| TASK REQUIREMENTS |
For this exercise, retype all the data exactly and exclude every image.

| INFORMATION SUPPLIED |
——————————

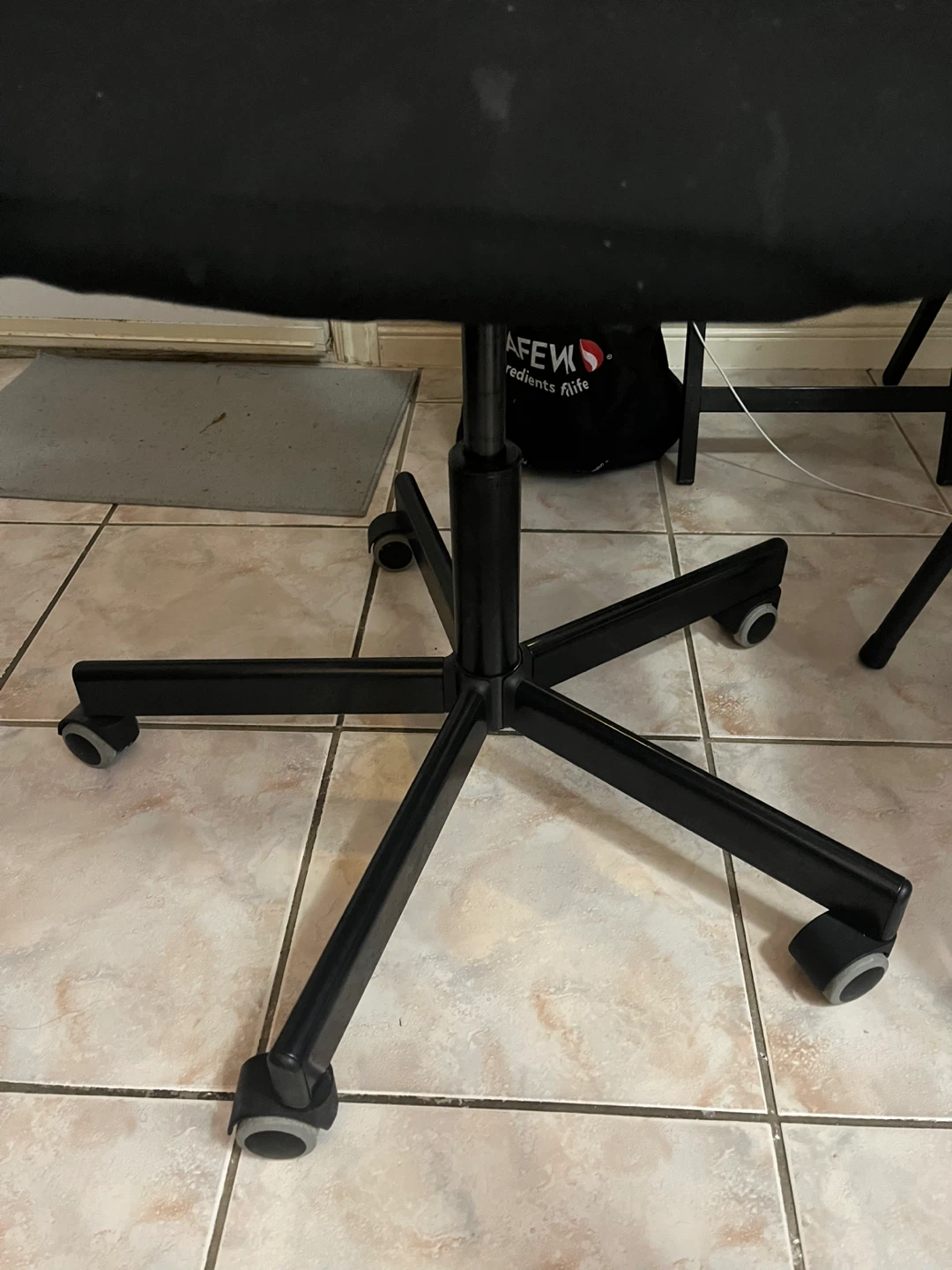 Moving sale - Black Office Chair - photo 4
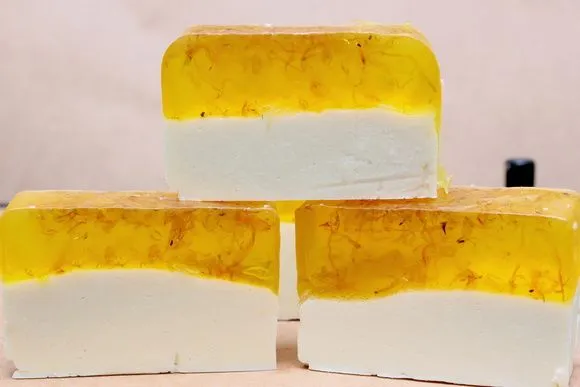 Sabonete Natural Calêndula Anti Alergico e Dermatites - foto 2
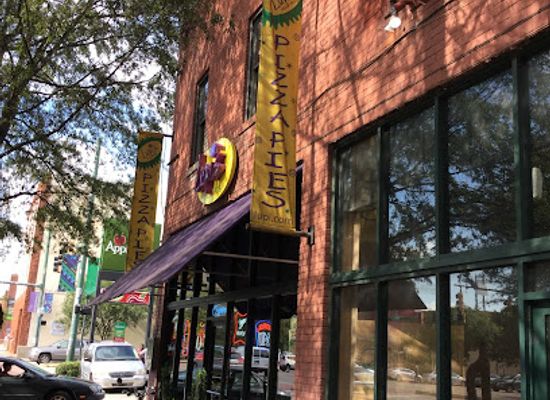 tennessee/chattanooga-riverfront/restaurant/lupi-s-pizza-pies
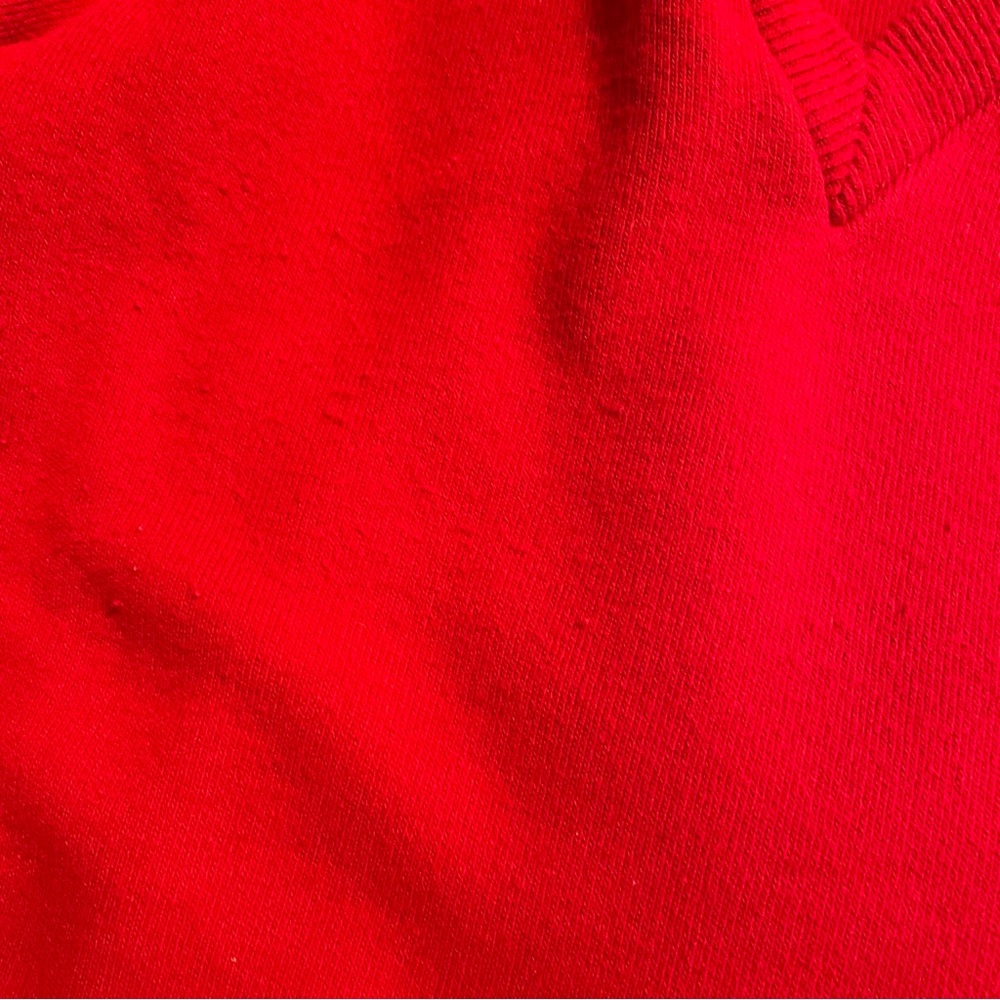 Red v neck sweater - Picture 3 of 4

——————————

| EXERCISE ANSWER |
 Moving sale - Black Office Chair - photo 4
 Sabonete Natural Calêndula Anti Alergico e Dermatites - foto 2
 tennessee/chattanooga-riverfront/restaurant/lupi-s-pizza-pies
 Red v neck sweater - Picture 3 of 4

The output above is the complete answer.